Common name for poly methyl methacrylate (PMMA)

Acrylic - long version

Poly (methyl methacrylate) (PMMA) poly (methyl 2-methylpropenoate) is a transparent thermoplastic. Chemically, it is the synthetic polymer of methyl methacrylate. It is sold under many trade names, including Policril, Plexiglas, Gavrieli, Vitroflex, Limacryl, R-Cast, Per-Clax, Perspex, Plazcryl, Acrylex, Acrylite, Acrylplast, Altuglas, Polycast, Oroglass, Optix and Lucite and is commonly called acrylic glass, simply acrylic, perspex or plexiglas. Acrylic, or acrylic fiber, can also refer to polymers or copolymers containing polyacrylonitrile. The material was developed in 1928 in various laboratories and was brought to market in 1933 by Rohm and Haas Company.

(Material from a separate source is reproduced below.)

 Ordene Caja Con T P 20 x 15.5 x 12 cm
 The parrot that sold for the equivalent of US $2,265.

PMMA is often used as an alternative to glass, and in competition with polycarbonate (PC). It is often preferred because of its moderate properties, easy handling and processing, and low cost, but behaves in a brittle manner when loaded, especially under an impact force. To produce 1 kg of PMMA, about 2 kg of petroleum is needed. PMMA ignites at 460 °C and burns, forming carbon dioxide, water, carbon monoxide and low molecular weight compounds, including formaldehyde.

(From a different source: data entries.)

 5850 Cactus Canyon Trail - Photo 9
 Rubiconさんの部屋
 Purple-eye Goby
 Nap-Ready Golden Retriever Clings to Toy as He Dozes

The first acrylic acid was created in 1843. Methacrylic acid, derived from acrylic acid, was formulated in 1865. The reaction between methacrylic acid and methyl alcohol results in the ester methyl methacrylate. The German chemists Fittig and Paul discovered in 1877 the polymerization process that turns methyl methacrylate into polymethyl methacrylate. In 1933 the German chemist Otto Röhm patented and registered the brand name PLEXIGLAS. In 1936 the first commercially viable production of acrylic safety glass began. During World War II acrylic glass was used for submarine periscopes, and windshields, canopies, and gun turrets for airplanes.


PMMA is routinely produced by emulsion polymerization, solution polymerization and bulk polymerization. Generally radical initiation is used (including living polymerization methods), but anionic polymerization of PMMA can also be performed.

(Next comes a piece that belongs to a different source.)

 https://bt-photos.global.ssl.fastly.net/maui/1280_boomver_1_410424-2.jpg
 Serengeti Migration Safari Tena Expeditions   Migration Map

Thermoplastic PMMA is typically processed at 240–250 °C. All common molding processes may be used, including injection molding, compression molding and extrusion. The highest quality PMMA sheets are produced by cell casting, but in this case, the polymerization and molding steps occur concurrently. The strength of the material is higher than molding grades owing to its extremely high molecular mass. Rubber toughening has been used to increase the strength of PMMA owing to its brittle behavior in response to applied loads.

PMMA can be joined using cyanoacrylate cement (so-called "Superglue"), with heat (melting), or by using solvents such as di- or trichloromethane to dissolve the plastic at the joint which then fuses and sets, forming an almost invisible weld.

Scratches may easily be removed by polishing or by heating the surface of the material.

Laser cutting may be used to form intricate designs from PMMA sheets. PMMA vaporises to gaseous compounds (including its monomers) upon laser cutting, so a very clean cut is made, and cutting is performed very easily. In this respect PMMA has an advantage over competing polymers such as polystyrene and polycarbonate, which require higher laser powers and give more messy and charred laser cuts.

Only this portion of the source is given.